» PROBLEM TO SOLVE
Every line of the material below should be output exactly as written, with the images skipped.

» DATA EXTRACT
****
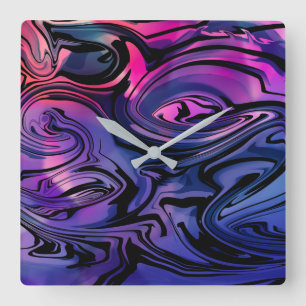 Summer Breeze  Square Wall Clock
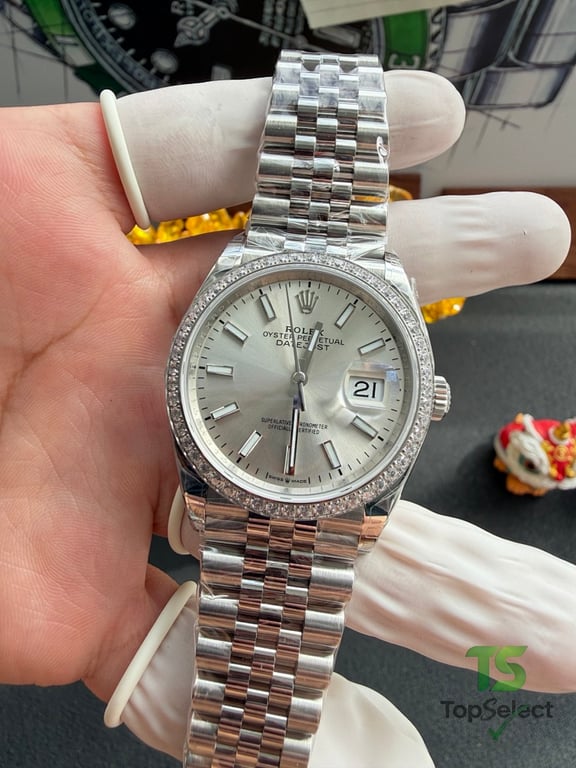 Rolex Datejust 36MM Silver Dial Diamond Bezel - 13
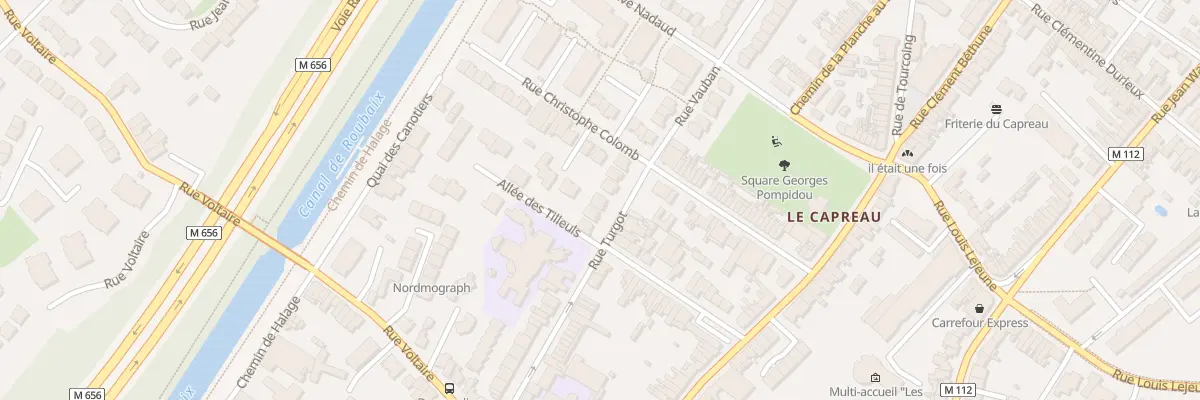 Plan du 35 Rue Turgot à Wasquehal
****
» EXPECTED ANSWER
 Summer Breeze  Square Wall Clock
 Rolex Datejust 36MM Silver Dial Diamond Bezel - 13
 Plan du 35 Rue Turgot à Wasquehal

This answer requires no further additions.